This repository is an attempt to standardize most of our working procedures for modern biological experiments. As a side product we want to achieve real reproducible research, which is one the biggest problems in modern science.
As we experienced the horror of hundreds of *insert-your-favorite-interpreter-language-here* scripts floating around without any documentation, we felt the need of a more sophisticated approach. Thats why we are porting all our workflows to Snakemake.

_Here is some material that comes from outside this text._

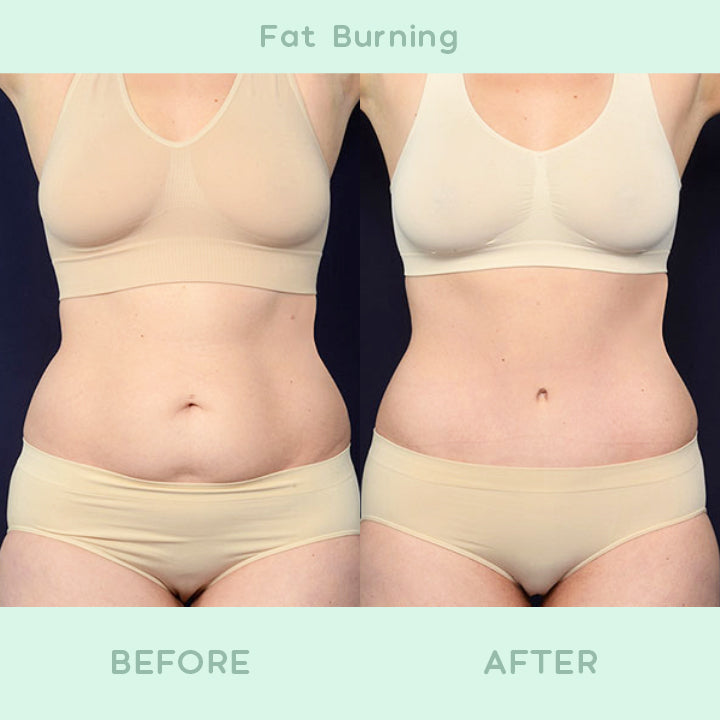 FirmSkin™ Tightening & Slimming Gel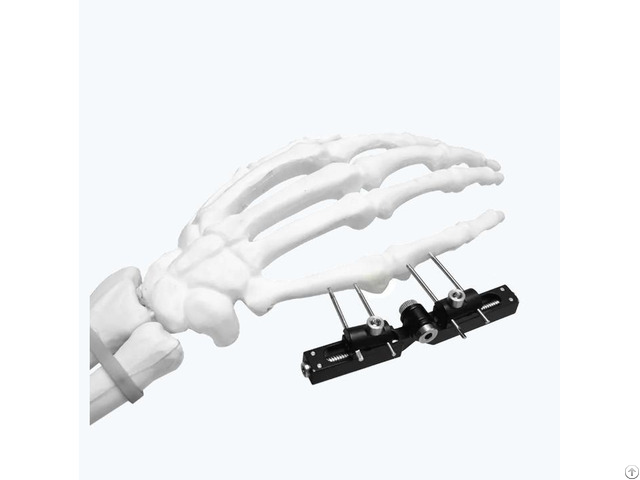 Mini External Fixator Symmetry Axis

Note: Every workflow is a work-in-progress an should be handeld as such. This repository does not make using command-line programs easier. You need to understand how the command-line programs and snakemake work.
In an earlier version we used Docker to ensure the consistency between pipeline installtions. Today we decided to use the conda package manager along the bioconda and conda-forge channels.
- Please first install miniconda on your machine using these resources: https://conda.io/en/latest/miniconda.html.
- Afterwards, please setup the bioconda and conda-forge channels as described here:https://bioconda.github.io/#set-up-channels.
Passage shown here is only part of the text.